## Task to carry out
Nothing in the data may be altered; the answer is a verbatim copy of it.
[Excerpted data — start]
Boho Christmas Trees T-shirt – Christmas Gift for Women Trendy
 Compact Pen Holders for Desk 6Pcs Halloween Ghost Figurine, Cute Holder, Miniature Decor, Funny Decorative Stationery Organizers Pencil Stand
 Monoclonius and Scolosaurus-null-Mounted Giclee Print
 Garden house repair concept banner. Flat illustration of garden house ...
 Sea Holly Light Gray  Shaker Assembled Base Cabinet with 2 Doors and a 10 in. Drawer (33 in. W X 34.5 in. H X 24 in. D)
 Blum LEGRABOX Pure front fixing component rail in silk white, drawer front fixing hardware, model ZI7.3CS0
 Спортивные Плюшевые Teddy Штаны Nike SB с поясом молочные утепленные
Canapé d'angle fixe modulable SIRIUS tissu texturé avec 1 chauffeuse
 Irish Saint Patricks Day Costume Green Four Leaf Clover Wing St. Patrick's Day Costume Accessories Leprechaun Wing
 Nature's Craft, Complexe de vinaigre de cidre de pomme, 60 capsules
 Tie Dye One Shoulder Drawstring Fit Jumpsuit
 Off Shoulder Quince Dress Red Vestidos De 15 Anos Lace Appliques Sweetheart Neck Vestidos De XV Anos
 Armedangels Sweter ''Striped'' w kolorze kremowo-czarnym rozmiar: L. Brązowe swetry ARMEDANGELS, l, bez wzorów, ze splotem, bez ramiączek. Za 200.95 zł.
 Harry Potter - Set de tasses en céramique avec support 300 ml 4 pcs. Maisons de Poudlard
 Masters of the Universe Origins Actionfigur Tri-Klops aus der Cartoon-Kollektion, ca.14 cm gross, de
[Excerpted data — finish]
## Answer box
Boho Christmas Trees T-shirt – Christmas Gift for Women Trendy
 Compact Pen Holders for Desk 6Pcs Halloween Ghost Figurine, Cute Holder, Miniature Decor, Funny Decorative Stationery Organizers Pencil Stand
 Monoclonius and Scolosaurus-null-Mounted Giclee Print
 Garden house repair concept banner. Flat illustration of garden house ...
 Sea Holly Light Gray  Shaker Assembled Base Cabinet with 2 Doors and a 10 in. Drawer (33 in. W X 34.5 in. H X 24 in. D)
 Blum LEGRABOX Pure front fixing component rail in silk white, drawer front fixing hardware, model ZI7.3CS0
 Спортивные Плюшевые Teddy Штаны Nike SB с поясом молочные утепленные
Canapé d'angle fixe modulable SIRIUS tissu texturé avec 1 chauffeuse
 Irish Saint Patricks Day Costume Green Four Leaf Clover Wing St. Patrick's Day Costume Accessories Leprechaun Wing
 Nature's Craft, Complexe de vinaigre de cidre de pomme, 60 capsules
 Tie Dye One Shoulder Drawstring Fit Jumpsuit
 Off Shoulder Quince Dress Red Vestidos De 15 Anos Lace Appliques Sweetheart Neck Vestidos De XV Anos
 Armedangels Sweter ''Striped'' w kolorze kremowo-czarnym rozmiar: L. Brązowe swetry ARMEDANGELS, l, bez wzorów, ze splotem, bez ramiączek. Za 200.95 zł.
 Harry Potter - Set de tasses en céramique avec support 300 ml 4 pcs. Maisons de Poudlard
 Masters of the Universe Origins Actionfigur Tri-Klops aus der Cartoon-Kollektion, ca.14 cm gross, de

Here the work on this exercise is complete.